Ärzte lächeln, obwohl durch ihre Uniformen nur die Augen zu sehen sind

Als ich ins Krankenhaus ging, hatte ich Angst, dass es für mich psychisch schwierig werden würde, aber in Kommunarka herrscht eine sehr ruhige Atmosphäre. Es gibt keine Panik, Einschüchterung oder Entmutigung unter dem medizinischen Personal. Alle sind in Kampflaune: sehr positiv, aufmerksam und menschlich. Ärzte lächeln, und man sieht es, obwohl durch die Uniform nur die Augen zu sehen sind. Sie versuchen alles, um die Patienten ruhig zu halten: Witze, Komplimente, sagen, dass Sie besser aussehen und alles gut wird. Ich fühle mich gebraucht und bin sicher, dass ich gerettet werde.

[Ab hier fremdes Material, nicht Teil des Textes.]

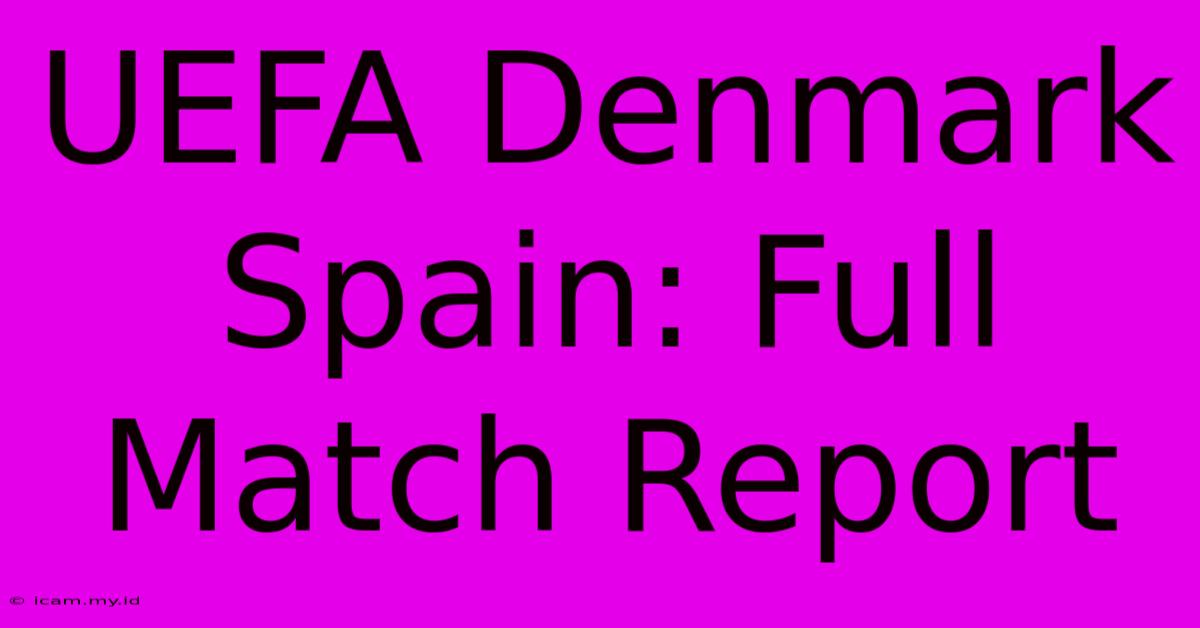 UEFA Denmark Spain: Full Match Report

Das Übertragungssystem wurde in Kommunarka debuggt. Besucher sind nicht erlaubt, aber Verwandte können am Checkpoint etwas für Sie hinterlassen, was ich vom Fenster meines Zimmers aus sehen kann. Die Familienmitglieder winken mir immer zu, wenn sie ankommen, was sehr schön ist. Stündlich werden Pakete abgeholt und auf die Stationen gebracht. Alles ist sehr organisiert, so dass es nur noch bleibt, das, was Ihnen dieses Mal vermittelt wurde, freudig zu zerlegen.

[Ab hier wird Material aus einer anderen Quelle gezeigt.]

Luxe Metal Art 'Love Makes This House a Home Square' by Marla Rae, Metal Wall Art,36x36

Jetzt fühle ich mich sehr schwach, also schlafe ich meistens, lege mich einfach hin oder antworte Verwandten, Freunden und denen, die in sozialen Netzwerken nicht gleichgültig sind. Für Unterhaltung bleibt keine Zeit oder Energie mehr, aber ich habe mir trotzdem zwei Bücher von zu Hause geholt und habe vor, sie zu lesen. Außerdem habe ich einen Laptop, damit ich Filme schauen oder Vorlesungen von einer Universität hören kann, die auf Online-Modus umgestellt hat.

Beenden Sie alle sozialen Verbindungen und geraten Sie nicht in Panik

Meine Behandlung besteht jetzt aus Antibiotika und drei Infusionen pro Tag. Ich streue auch Miramistin und nehme Hustentabletten. Ich weiß nicht, was als nächstes passieren wird, aber ich hoffe, dass ich im April gesund bin. Konkrete Termine haben wir mit den Ärzten noch nicht besprochen - mein Zustand ist noch lange nicht optimal.

Mein wichtigster Ratschlag für diejenigen, die sich wegen des Coronavirus Sorgen machen: Nicht zögern, einen Arzt rufen und bei den ersten Symptomen einen Test machen lassen. Trennen Sie alle sozialen Verbindungen und geraten Sie nicht in Panik. Es gab einen Moment, in dem ich die Nachrichten über das Coronavirus in Russland las und feststellte, dass ich einer der Gesamtfälle war. Es hat mich sehr deprimiert, aber in der Tat musst du dich nicht aufregen. Hauptsache ruhig bleiben, klar handeln und sich verantwortlich fühlen – für sich und andere.